**WHAT IS REQUIRED**
Set down each entry below exactly as it stands.

**PROVIDED DATA**
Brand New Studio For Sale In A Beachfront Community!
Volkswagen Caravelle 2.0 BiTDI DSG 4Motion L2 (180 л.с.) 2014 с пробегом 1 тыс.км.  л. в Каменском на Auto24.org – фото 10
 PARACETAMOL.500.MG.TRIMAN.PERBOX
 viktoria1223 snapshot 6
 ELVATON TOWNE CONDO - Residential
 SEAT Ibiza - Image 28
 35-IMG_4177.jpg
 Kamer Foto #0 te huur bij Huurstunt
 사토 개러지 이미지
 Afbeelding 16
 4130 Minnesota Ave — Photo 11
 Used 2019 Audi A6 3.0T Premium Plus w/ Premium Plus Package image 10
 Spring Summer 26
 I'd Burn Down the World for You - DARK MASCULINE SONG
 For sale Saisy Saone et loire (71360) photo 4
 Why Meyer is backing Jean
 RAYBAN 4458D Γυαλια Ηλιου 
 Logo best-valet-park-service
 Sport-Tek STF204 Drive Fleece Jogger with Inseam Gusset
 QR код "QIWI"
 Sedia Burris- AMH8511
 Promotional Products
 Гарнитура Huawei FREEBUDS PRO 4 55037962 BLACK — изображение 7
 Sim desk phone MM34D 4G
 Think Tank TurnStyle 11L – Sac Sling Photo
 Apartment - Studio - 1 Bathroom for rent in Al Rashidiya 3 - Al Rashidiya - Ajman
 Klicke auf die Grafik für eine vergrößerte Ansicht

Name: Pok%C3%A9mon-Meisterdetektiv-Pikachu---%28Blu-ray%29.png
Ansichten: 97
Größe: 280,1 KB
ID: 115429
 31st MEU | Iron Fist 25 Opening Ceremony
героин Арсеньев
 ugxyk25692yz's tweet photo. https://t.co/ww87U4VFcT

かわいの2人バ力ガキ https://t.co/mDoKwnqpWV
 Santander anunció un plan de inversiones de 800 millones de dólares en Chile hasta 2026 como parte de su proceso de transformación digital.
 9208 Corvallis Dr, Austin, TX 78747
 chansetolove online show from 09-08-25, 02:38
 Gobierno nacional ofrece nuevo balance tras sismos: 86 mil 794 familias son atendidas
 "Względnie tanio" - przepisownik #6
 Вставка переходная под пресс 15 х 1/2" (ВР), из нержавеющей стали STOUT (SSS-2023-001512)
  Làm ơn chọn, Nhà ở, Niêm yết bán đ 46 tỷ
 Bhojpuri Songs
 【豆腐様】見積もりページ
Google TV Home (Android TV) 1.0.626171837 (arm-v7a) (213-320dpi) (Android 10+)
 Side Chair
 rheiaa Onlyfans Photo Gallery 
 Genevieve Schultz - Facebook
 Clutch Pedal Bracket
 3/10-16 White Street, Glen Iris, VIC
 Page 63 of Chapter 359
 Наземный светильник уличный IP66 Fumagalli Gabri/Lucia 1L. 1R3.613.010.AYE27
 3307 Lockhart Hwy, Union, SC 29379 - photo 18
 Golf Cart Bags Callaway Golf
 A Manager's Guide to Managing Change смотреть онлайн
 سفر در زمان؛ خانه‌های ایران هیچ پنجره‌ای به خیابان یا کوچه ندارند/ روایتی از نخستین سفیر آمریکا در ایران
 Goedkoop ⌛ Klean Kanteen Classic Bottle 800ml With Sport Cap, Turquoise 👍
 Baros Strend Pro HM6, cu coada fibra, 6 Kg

**FINISHED EXERCISE**
Brand New Studio For Sale In A Beachfront Community!
Volkswagen Caravelle 2.0 BiTDI DSG 4Motion L2 (180 л.с.) 2014 с пробегом 1 тыс.км.  л. в Каменском на Auto24.org – фото 10
 PARACETAMOL.500.MG.TRIMAN.PERBOX
 viktoria1223 snapshot 6
 ELVATON TOWNE CONDO - Residential
 SEAT Ibiza - Image 28
 35-IMG_4177.jpg
 Kamer Foto #0 te huur bij Huurstunt
 사토 개러지 이미지
 Afbeelding 16
 4130 Minnesota Ave — Photo 11
 Used 2019 Audi A6 3.0T Premium Plus w/ Premium Plus Package image 10
 Spring Summer 26
 I'd Burn Down the World for You - DARK MASCULINE SONG
 For sale Saisy Saone et loire (71360) photo 4
 Why Meyer is backing Jean
 RAYBAN 4458D Γυαλια Ηλιου 
 Logo best-valet-park-service
 Sport-Tek STF204 Drive Fleece Jogger with Inseam Gusset
 QR код "QIWI"
 Sedia Burris- AMH8511
 Promotional Products
 Гарнитура Huawei FREEBUDS PRO 4 55037962 BLACK — изображение 7
 Sim desk phone MM34D 4G
 Think Tank TurnStyle 11L – Sac Sling Photo
 Apartment - Studio - 1 Bathroom for rent in Al Rashidiya 3 - Al Rashidiya - Ajman
 Klicke auf die Grafik für eine vergrößerte Ansicht

Name: Pok%C3%A9mon-Meisterdetektiv-Pikachu---%28Blu-ray%29.png
Ansichten: 97
Größe: 280,1 KB
ID: 115429
 31st MEU | Iron Fist 25 Opening Ceremony
героин Арсеньев
 ugxyk25692yz's tweet photo. https://t.co/ww87U4VFcT

かわいの2人バ力ガキ https://t.co/mDoKwnqpWV
 Santander anunció un plan de inversiones de 800 millones de dólares en Chile hasta 2026 como parte de su proceso de transformación digital.
 9208 Corvallis Dr, Austin, TX 78747
 chansetolove online show from 09-08-25, 02:38
 Gobierno nacional ofrece nuevo balance tras sismos: 86 mil 794 familias son atendidas
 "Względnie tanio" - przepisownik #6
 Вставка переходная под пресс 15 х 1/2" (ВР), из нержавеющей стали STOUT (SSS-2023-001512)
  Làm ơn chọn, Nhà ở, Niêm yết bán đ 46 tỷ
 Bhojpuri Songs
 【豆腐様】見積もりページ
Google TV Home (Android TV) 1.0.626171837 (arm-v7a) (213-320dpi) (Android 10+)
 Side Chair
 rheiaa Onlyfans Photo Gallery 
 Genevieve Schultz - Facebook
 Clutch Pedal Bracket
 3/10-16 White Street, Glen Iris, VIC
 Page 63 of Chapter 359
 Наземный светильник уличный IP66 Fumagalli Gabri/Lucia 1L. 1R3.613.010.AYE27
 3307 Lockhart Hwy, Union, SC 29379 - photo 18
 Golf Cart Bags Callaway Golf
 A Manager's Guide to Managing Change смотреть онлайн
 سفر در زمان؛ خانه‌های ایران هیچ پنجره‌ای به خیابان یا کوچه ندارند/ روایتی از نخستین سفیر آمریکا در ایران
 Goedkoop ⌛ Klean Kanteen Classic Bottle 800ml With Sport Cap, Turquoise 👍
 Baros Strend Pro HM6, cu coada fibra, 6 Kg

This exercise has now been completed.